Il 24/03/2014 07:04, Paul Eggert ha scritto:
* src/dfa.c (FETCH_WC, addtok_wc): Don't rely on undefined behavior
when converting an out-of-range value to 'int'.
(FETCH_WC, prepare_wc_buf): Don't rely on conversion state after
mbrtowc returns a special value, as it's undefined for (size_t) -1.
(prepare_wc_buf): Simplify test for valid character.
---
src/dfa.c | 42 ++++++++++++++++++++++++------------------
1 file changed, 24 insertions(+), 18 deletions(-)

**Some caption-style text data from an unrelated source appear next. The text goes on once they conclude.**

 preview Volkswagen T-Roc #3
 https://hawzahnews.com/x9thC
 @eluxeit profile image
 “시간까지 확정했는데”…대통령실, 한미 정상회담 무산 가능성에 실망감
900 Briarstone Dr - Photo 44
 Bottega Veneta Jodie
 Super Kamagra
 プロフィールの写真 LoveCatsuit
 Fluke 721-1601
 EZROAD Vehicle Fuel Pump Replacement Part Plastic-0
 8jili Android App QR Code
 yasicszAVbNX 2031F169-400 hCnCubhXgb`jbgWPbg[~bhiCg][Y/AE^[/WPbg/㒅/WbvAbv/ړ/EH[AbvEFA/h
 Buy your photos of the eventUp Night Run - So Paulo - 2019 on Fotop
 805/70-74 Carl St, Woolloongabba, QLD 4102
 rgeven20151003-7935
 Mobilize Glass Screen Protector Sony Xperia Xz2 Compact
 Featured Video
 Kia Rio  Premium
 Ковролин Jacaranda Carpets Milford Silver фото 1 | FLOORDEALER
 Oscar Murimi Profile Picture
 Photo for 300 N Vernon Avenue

diff --git a/src/dfa.c b/src/dfa.c
index 92ac1b9..0a2b8b8 100644
--- a/src/dfa.c
+++ b/src/dfa.c
@@ -807,7 +807,7 @@ static int minrep, maxrep; /* Repeat counts
for {m,n}. */
static int cur_mb_len = 1; /* Length of the multibyte
representation of
wctok. */
/* These variables are used only if (MB_CUR_MAX > 1). */
-static mbstate_t mbs; /* Mbstate for mbrlen. */
+static mbstate_t mbs; /* mbstate for mbrtowc. */
static wchar_t wctok; /* Wide character representation of
the current
multibyte character. */
static unsigned char *mblen_buf;/* Correspond to the input buffer in
dfaexec.
@@ -844,15 +844,18 @@ static unsigned char const *buf_end; /*
reference to end in dfaexec. */
else \
{ \
wchar_t _wc; \
- cur_mb_len = mbrtowc (&_wc, lexptr, lexleft, &mbs); \
- if (cur_mb_len <= 0) \
+ size_t nbytes = mbrtowc (&_wc, lexptr, lexleft, &mbs); \
+ bool valid_char = 1 <= nbytes && nbytes < (size_t) -2; \
I find these conditionals complicated to follow. In addition, a return
value of nbytes == 0 is valid, so I believe you should have simply
bool valid_char = nbytes < (size_t) -2;
or better:
+ if (! valid_char) \
if (nbytes >= (size_t) -2)